Don't chain Lambdas (Lambda A calls Lambda B calls Lambda C). This is brittle and hard to debug. Do use Step Functions. - Step Functions creates a state machine visualizer (Start -> Task A -> Choice -> Task B or C -> End).

7. IAM & Security Model

  • Execution Role: The IAM Role the Lambda assumes when it runs. If your code reads from S3, this Role needs s3:GetObject.
  • Resource Policy: Who is allowed to invoke the Lambda? (e.g., "Allow S3 to call this function").

8. Cost Model (Very Important)

  • Requests: $0.20 per 1 million requests. (Dirt cheap).
  • Duration: Price per GB-second. (Running 1GB RAM for 1 second costs $X).
  • Ephemeral Storage: /tmp directory storage (512MB free, pay for more).

Cost Trap: - Recursive Loops: S3 Upload -> Triggers Lambda -> Lambda writes to same S3 Bucket -> Triggers Lambda... -> $10,000 bill in 24 hours.

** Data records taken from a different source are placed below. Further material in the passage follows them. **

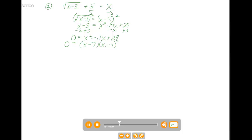Because of the zero product property, we can say either x minus 7 equals 0, giving x equals 7, or x minus 4 equals 0, giving x equals 4. Notice I'm not circling or boxing these answers right now, because we have a problem.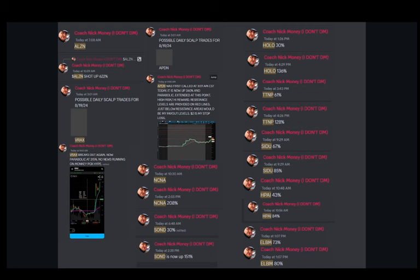Splash Beverage Group Inc engages in the manufacturing, distribution, marketing, and sale of various beverages in the United States. It distributes non-alcoholic and alcoholic beverages and the retail sale of beverages and groceries online through qplash.com.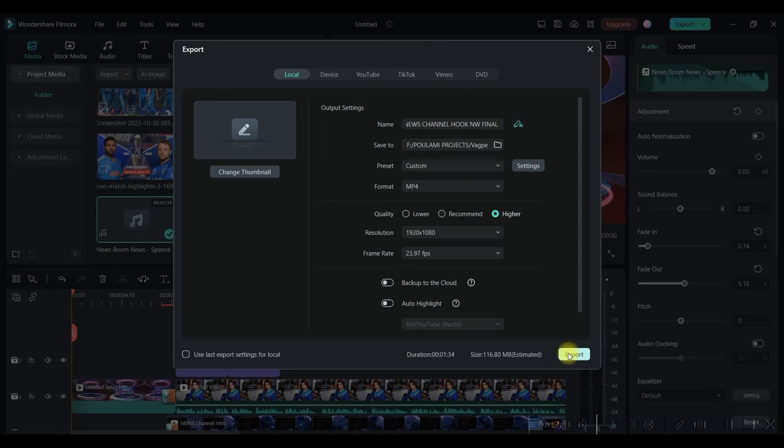But hold on. After this, I'm going to reveal that magical tool which will cost you nothing, but will give you unlimited video generation for absolutely free. Stay tuned. And this is the final result.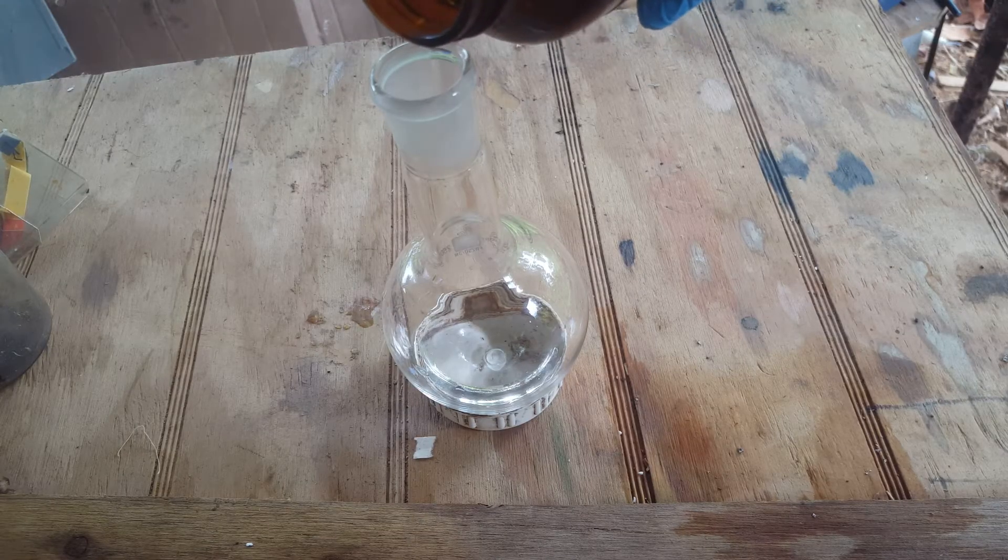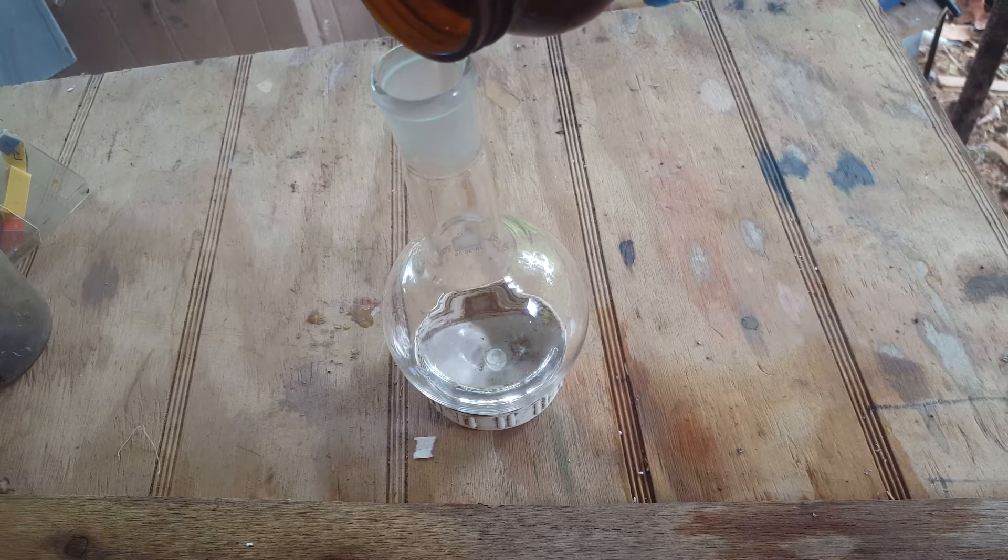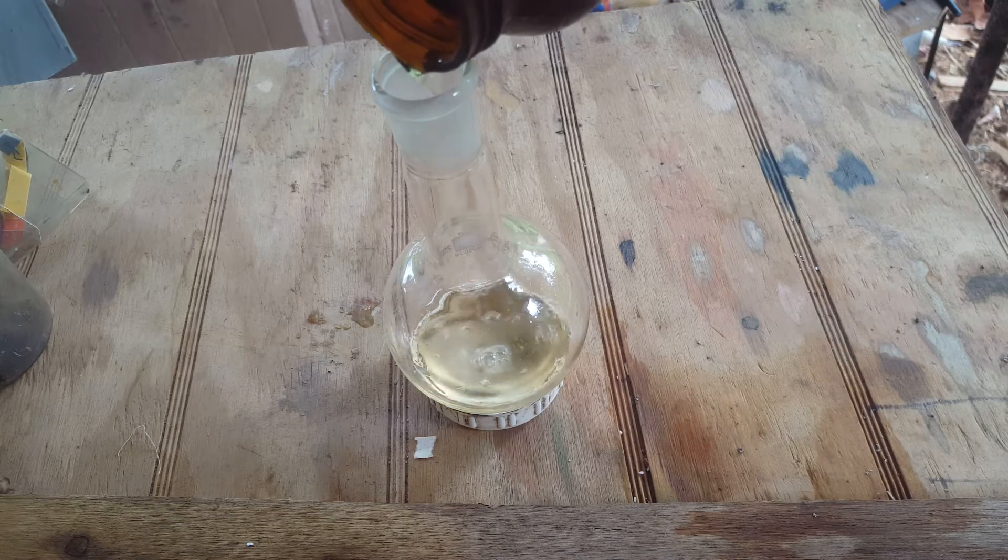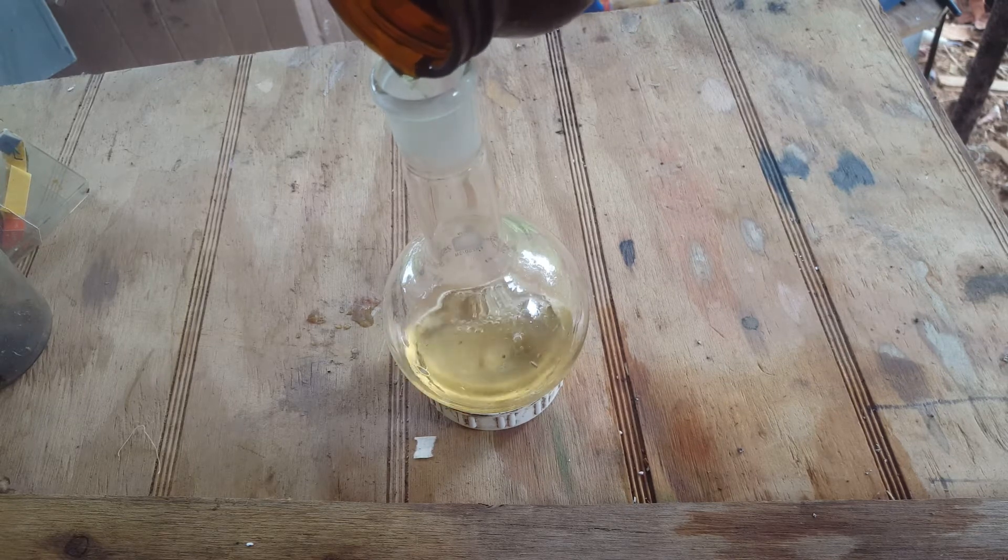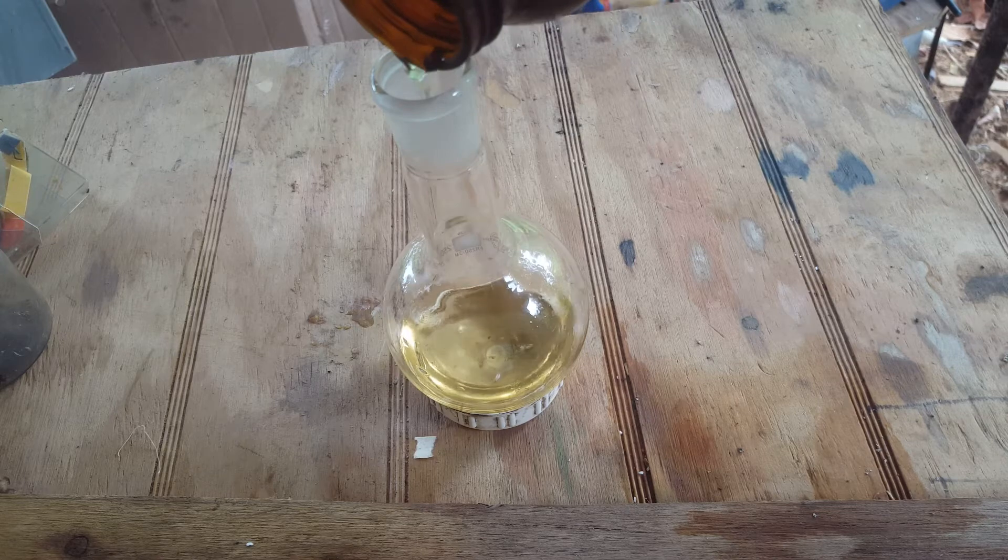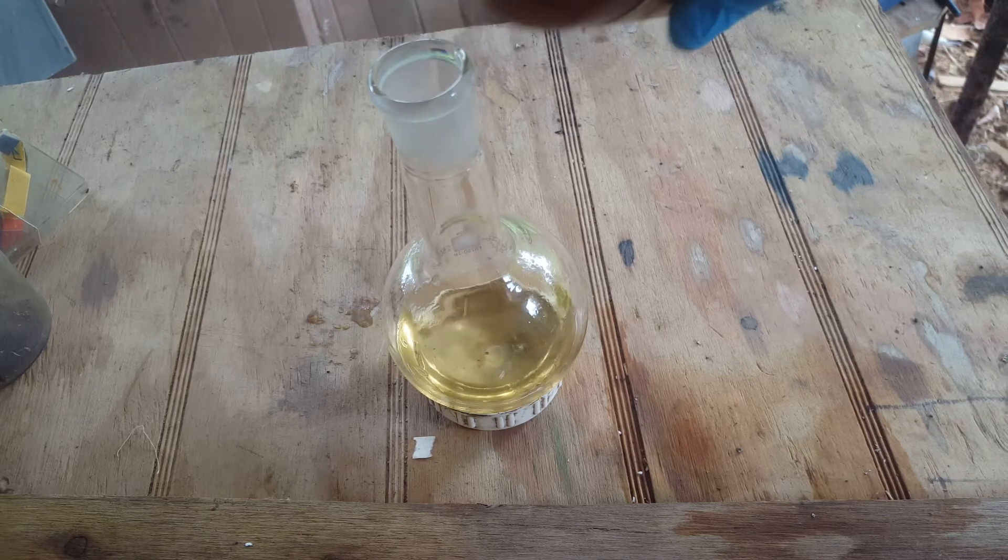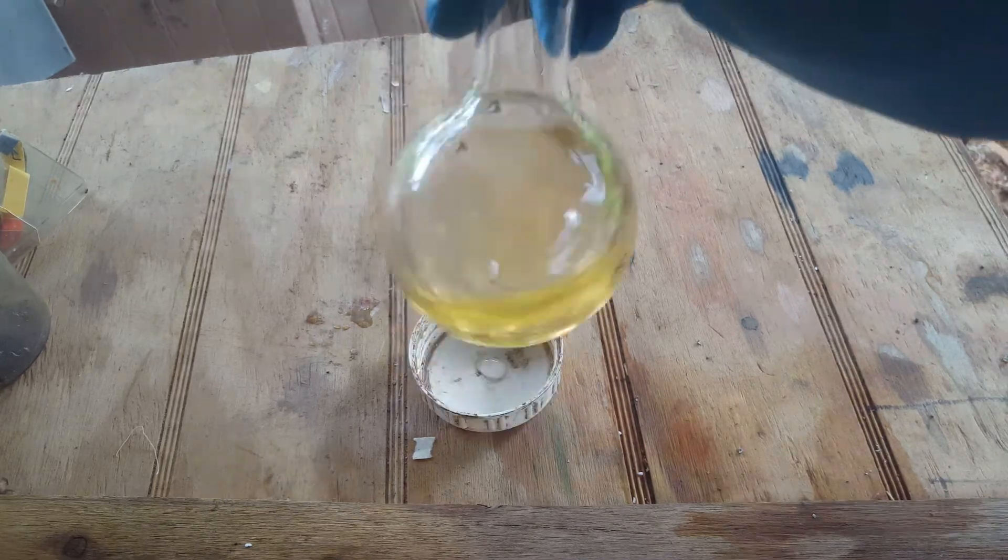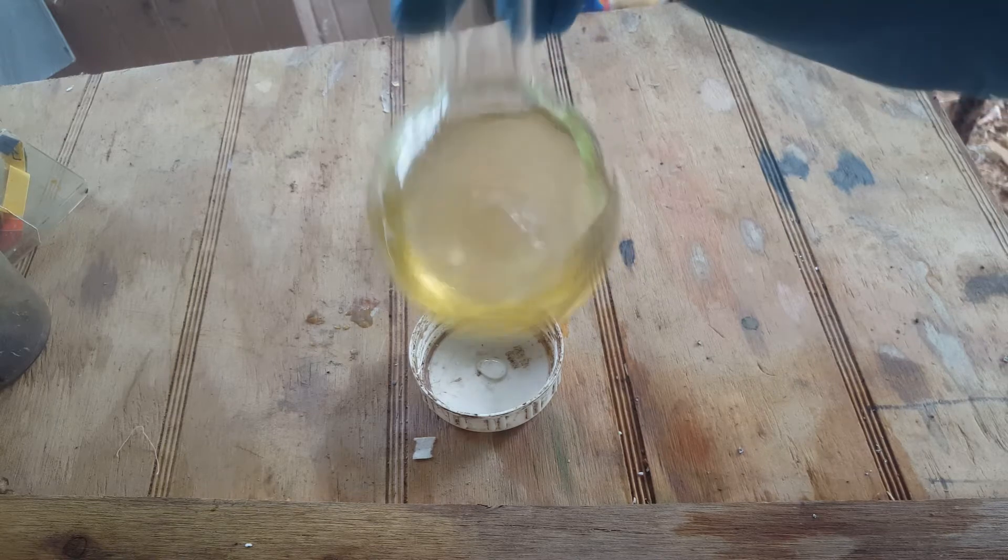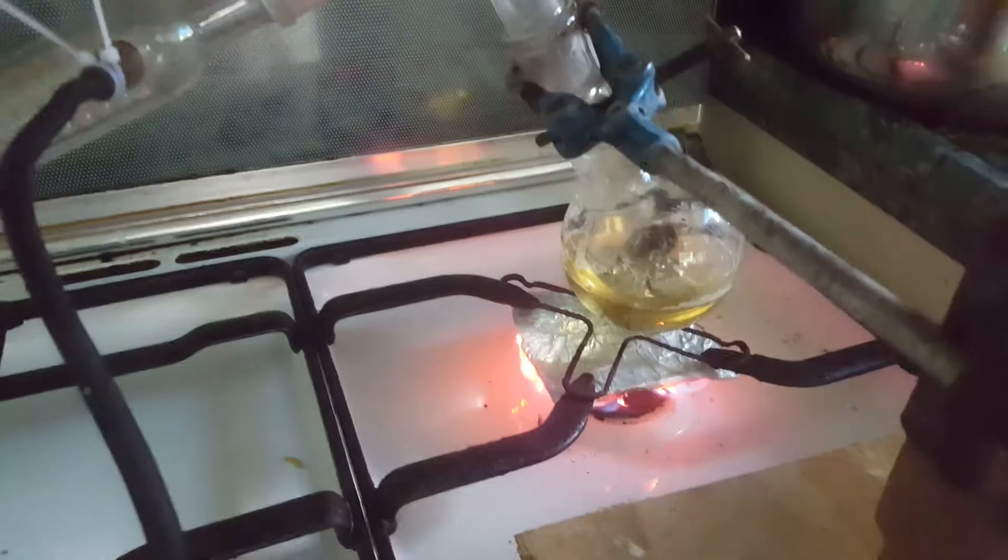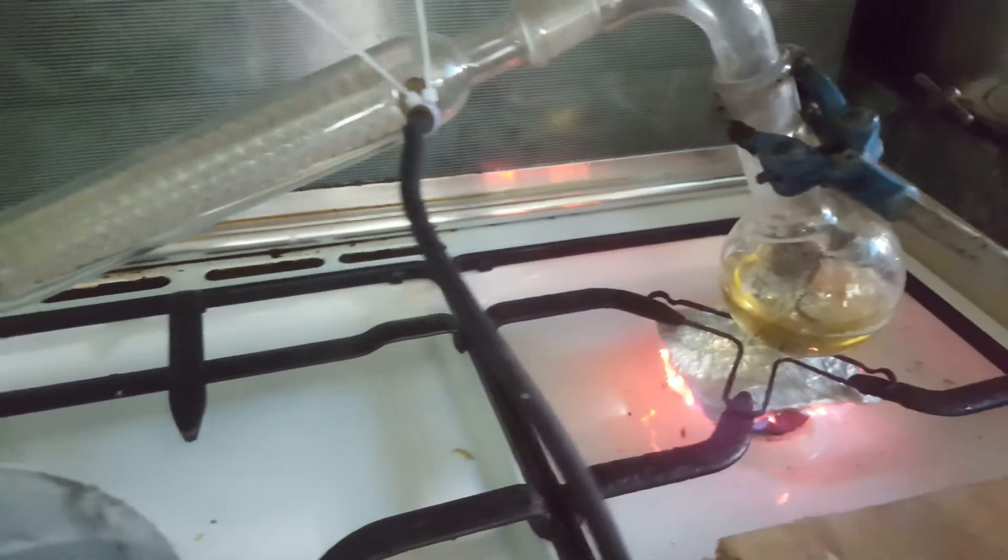Next, set up for a distillation. Distill the mixture until almost dry but not completely.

Always use different buckets for Input and Output.

9. Common Mistakes & Anti-Patterns

  • The "Monolith" Lambda: Putting your entire Django/Express app in one function.
    • Why bad: huge cold starts, hard to debug, breaks the "single responsibility" principle.
  • DB Connections: Opening a new Connection mysql.connect() inside the handler.
    • Why bad: 1000 concurrent Lambdas = 1000 DB connections = DB crashes.
    • Fix: Initialize connection outside the handler (Global scope) to reuse it in Warm starts, or use RDS Proxy.
  • Heavy Computation: Using Lambda to train ML models or process video (Long running). use EC2/Fargate or AWS Batch. Lambda times out at 15 minutes hard limit.

10. When NOT to Use This Service

  • Long Running Tasks: Any process > 15 minutes.
  • Predictable High Load: If you have constant 10k requests/sec 24/7, EC2/Fargate is cheaper than Lambda.
  • Low Latency (HFT): If you need < 5ms guaranteed latency, cold starts will kill you.

11. Interview-Level Summary

  • Timeout: What is the max duration? 15 Minutes.
  • Concurrency: How many run at once? Default 1000 per region (Soft limit, can raise).
  • Cold Start: What is it? Initialization of the container. VPNs/Java make it slower.
  • VPC: Does Lambda run in VPC? By default NO (access to internet, but not private RDS). You must attach it to VPC to reach private subnet resources.